Así comienza la acción que nos cuenta “Invernadero”. Le sigue una sucesión de escenas en las que tras una superficie de absurdas situaciones y diálogos recurrentes, que parecen más juegos de lenguajes que ofertas de información, se desvela un mapa de relaciones entre personajes que se conocen desde hace mucho tiempo ya. Un pequeño mundo cotidiano en el que todo está viciado y enmohecido, sin margen para descubrirse y conocerse. Cuanto acontece es un campo de batalla en el que cada uno lucha por ensalzar, defender y consolidar su ego a costa de los demás.
Tanto la acción como los demás protagonistas giran en torno a Gonzalo de Castro.

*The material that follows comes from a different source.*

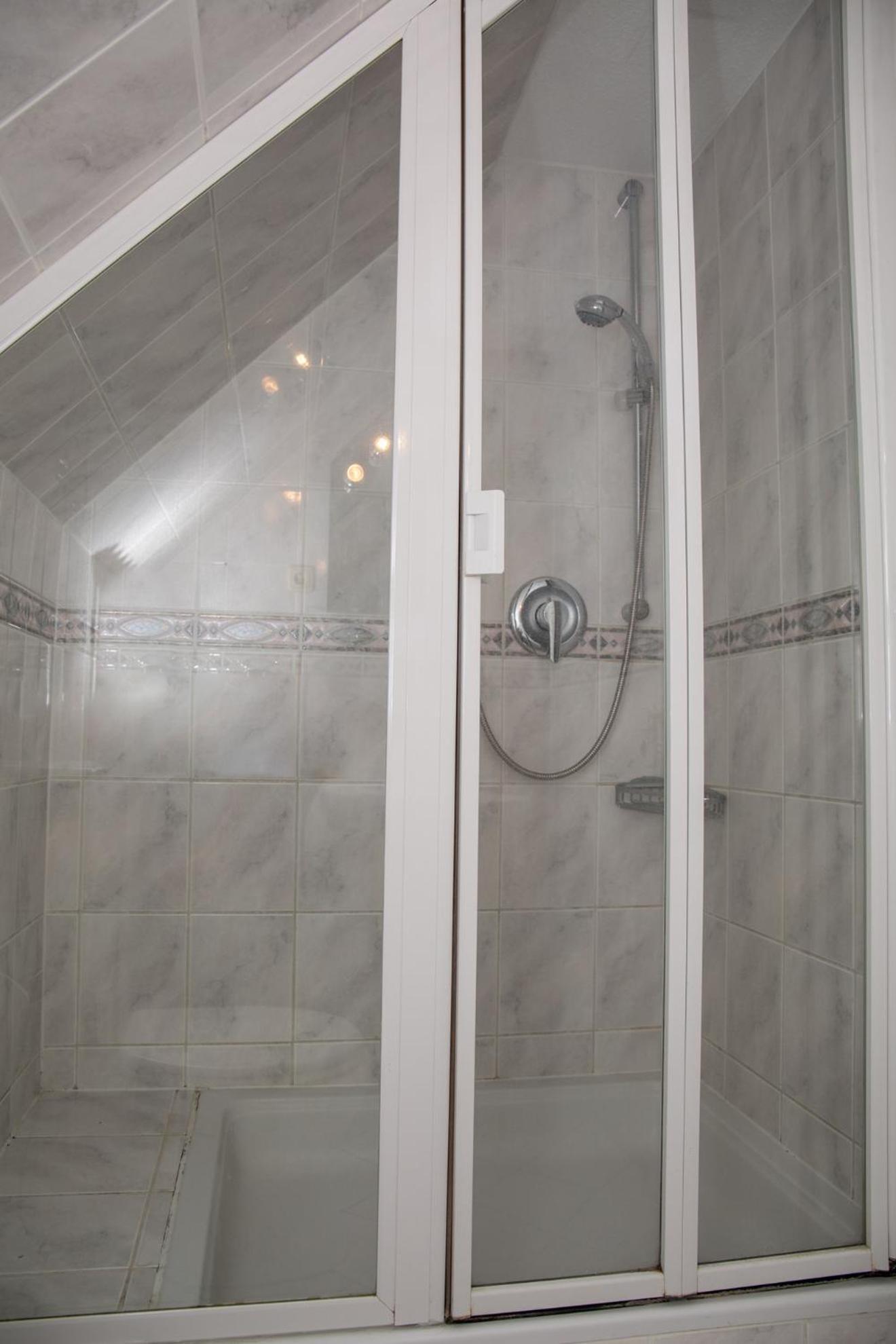Apartment Lini In Schwerin Schwerin (Mecklenburg-Vorpommern)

Entre ellos, dos hombres. De un lado el eficaz ayudante que está esperando un quiebro para situarse en el lugar de su jefe, al que únicamente es fiel para saber cómo eliminarle mejor. Contra él, el aprovechado parásito que vive de ayudar a mantenerse como líder al que es tal por tener dicho título. Entre ellos, un conflicto, una soterrada lucha a muerte, invisible a ojos de los demás pero que lo llena todo cuando Tristán Ulloa y Jorge Usón comparten focos con de Castro. Se palpa, se masca, se hace densa la tensión. ¿Hasta dónde va a llegar esta claustrofobia vital en la que cada uno es quien es gracias a la dependencia que tiene del conflicto de sospecha, envidia e inseguridad que mantiene con los otros.

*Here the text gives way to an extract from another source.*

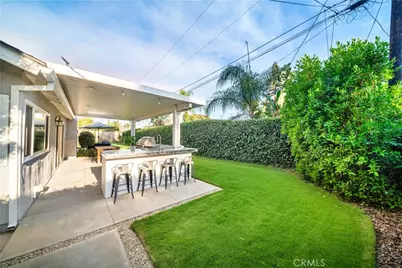 1814 Wicker Way, La Verne, CA 91750 - Photo 29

Del lado femenino, Isabell Stoffel es una sensual, atractiva e hipnótica dama que aporta al juego del poder el sexo como elemento disyuntivo que supuestamente empapa toda relación entre hombre y mujer. Su personaje juega a ser una gata a dos bandas, complaciente a la sombra de la supremacía consolidado y felina que pasea bajo la luz para ser vista por quien ella cree que puede llegar a ser el futuro mandatario. Una bipolaridad tras la que se esconde el vacío existencial, la falta de sentido en la vida y en consecuencia, actuar de manera disparatada, sin orden ni concierto. Tras una fachada de belleza física, un torrente de miseria espiritual.
Expuestos los dramas individuales, quedan las apariencias sociales. Carlos Martos es el indefenso, ese al que no se escucha y se etiqueta como enfermo, débil e incapaz como paso previo para ejercer sobre él una violencia socialmente admitida a la que denominamos tratamiento, salud pública. Él es la inocente cabeza de turco que tiene como fin que el resto de personajes de “Invernadero” alimenten su soberbia y liberen sus conciencias de toda posible culpa.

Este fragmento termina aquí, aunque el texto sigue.